What happens when we do not use return statement in the calling function in C?

Question

I would like to know the output of the below program. Main concern is what happens when we do not use return statement in the calling function?

int sum(int x, int y)
{
    //return x+y; 
}

int main()
{
    int res=0;
    res=sum(1,2);
    printf("res = %d\n",res);
}

in the above function sum(), if I use return x+y; it will print 3 as output?

What happens if I do not use return statement?

Answer 1

melpomene's answer is 100% correct from the pure language point of view: Returning from a non-void function without a return value invariably results in undefined behavior. After that, all bets are off.

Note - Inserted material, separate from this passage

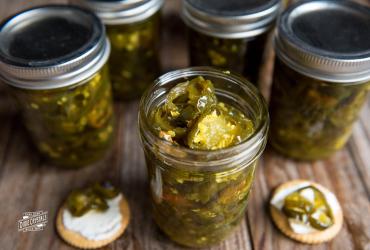 Candied Jalapenos dixie
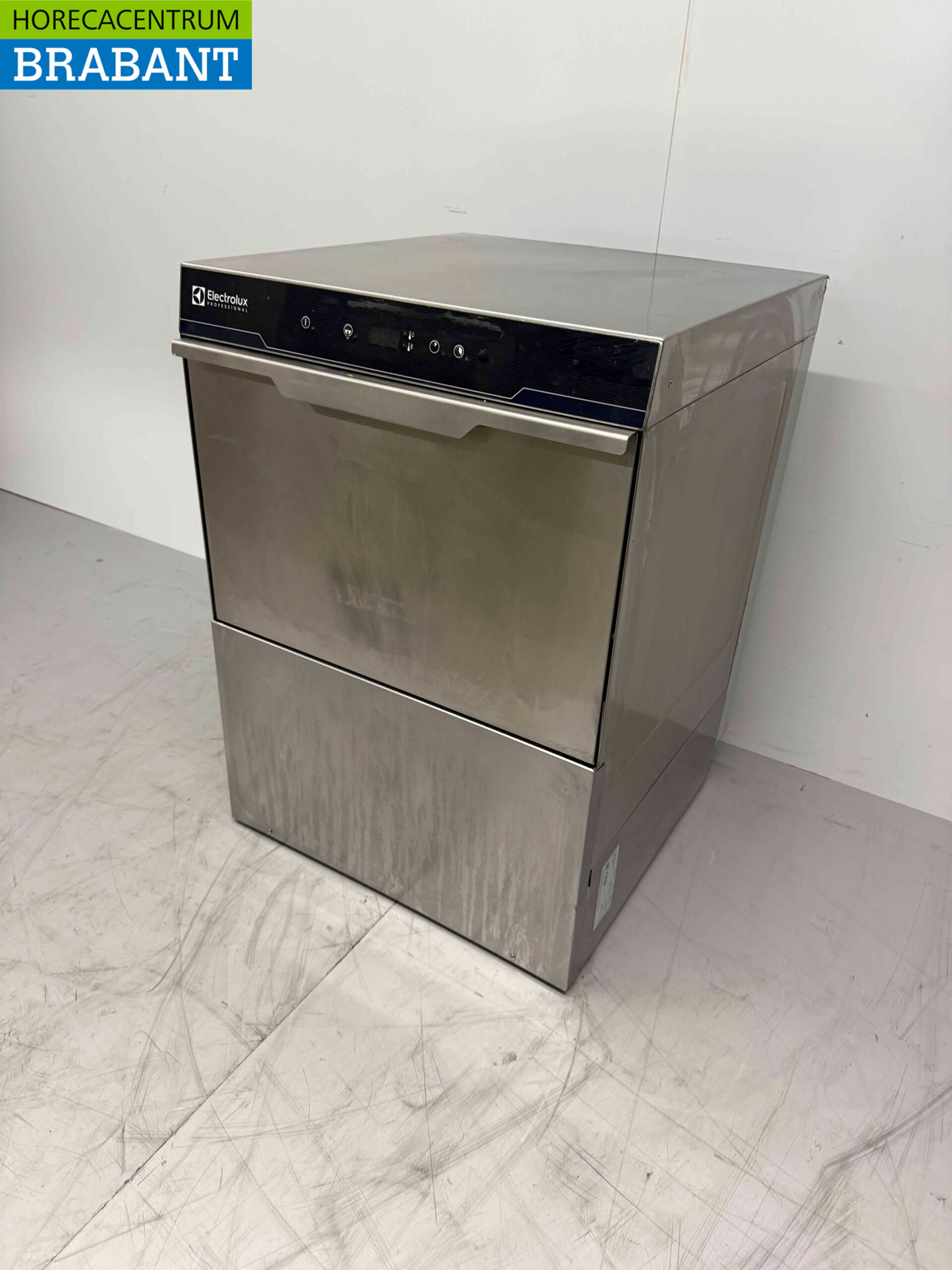 Lave-vaisselle Electrolux EL1P en acier inoxydable avec pompe de vidange 230V Horeca – Image 3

I'm going to add to this, what is likely going to happen:

When you call a function, the compiler has a set of rules that it follows on how the parameters and return value are passed to the callee. These rules are along the lines of "If the first argument is an integral type, put it into register eax before invoking the callee". So, if you say foo(42), the compiler emits code to load 42 into the register eax, and then to call foo, which then just examines the value it finds in register eax to know what was passed.

The same happens for the return value. There is a defined place where the caller expects the return value (this may be a register or a memory location on the stack), and it's the callee's obligation to actually put a sensible value there.

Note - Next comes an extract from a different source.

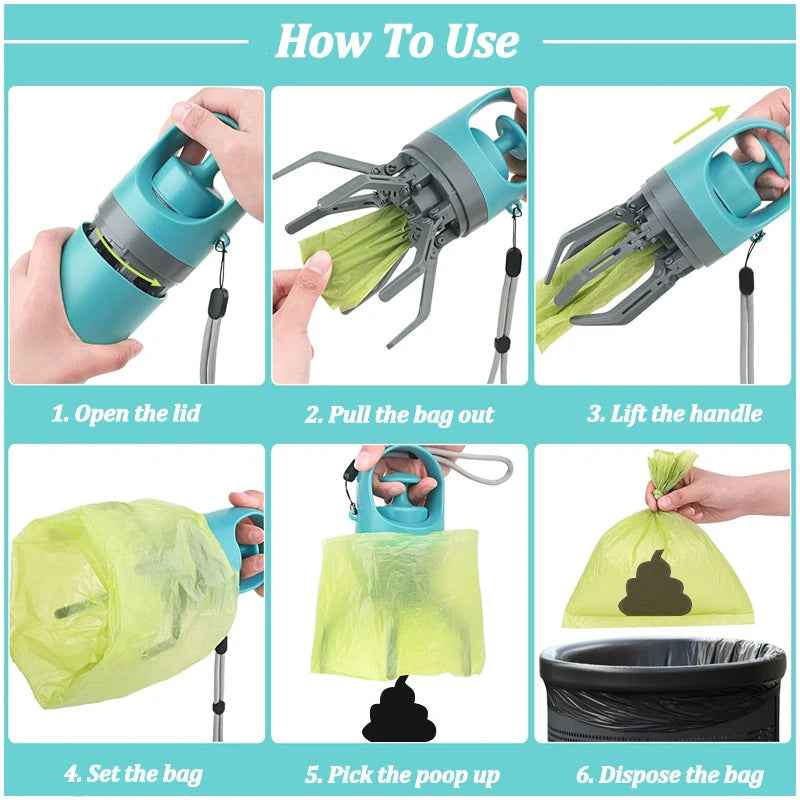 Portable Dog Poop Scooper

So, when you forget to name a return value, the return value will simply not be set. Whatever happens to be in the respective register / memory location will be interpreted as the return value by the caller. What exactly is effectively "passed back" to the caller depends 100% on how the callee happens to be compiled, and it may be deterministic. Consider this code snippet:

int getSecret() {
    return 42;
}

int checkSecret(int guess) {
    int secret = getSecret();
    //return secret == guess;
}

int main() {
    printf("The secret is %d.\n", checkSecret(0));
}

If you compile and run this code, you may find that it correct prints the secret value 42. Why? Simple: When getSecret() returns the secret value, it places it where checkSecret() expects to find the return value. And this may happen to be the same register as where main() expects to find the return value of checkSecret().

From the language perspective, that's perfectly ok: When checkSecret() returns without setting a return value, the language allows anything to happen, including leaking the secret. This is why forgetting the return value can be a security hole. It may allow an attacker to either extract information that they are not supposed to know, or to trigger code execution paths that are impossible in correct behavior because a function "returns" a value that's not within the expected return value range.

Answer 2

See 6.9.1 (Function definitions) / 12 in the C11 draft standard (the same language appears in C99):

12. If the } that terminates a function is reached, and the value of the function call is used by the caller, the behavior is undefined.

(In C90 there was mostly equivalent language in 6.6.6.4 (The return statement):

If a return statement without an expression is executed, and the value of the function call is used by the caller, the behavior is undefined. Reaching the } that terminates a function is equivalent to executing a return statement without an expression.

The difference is that (from C99 on) having return; with no expression in a non-void function is an error.)

In your case the } of sum is reached (no return statement was executed) and the return value is used:

res=sum(1,2);

Therefore your code has undefined behavior: Anything can happen, from a garbage value in res to an infinite loop or crash.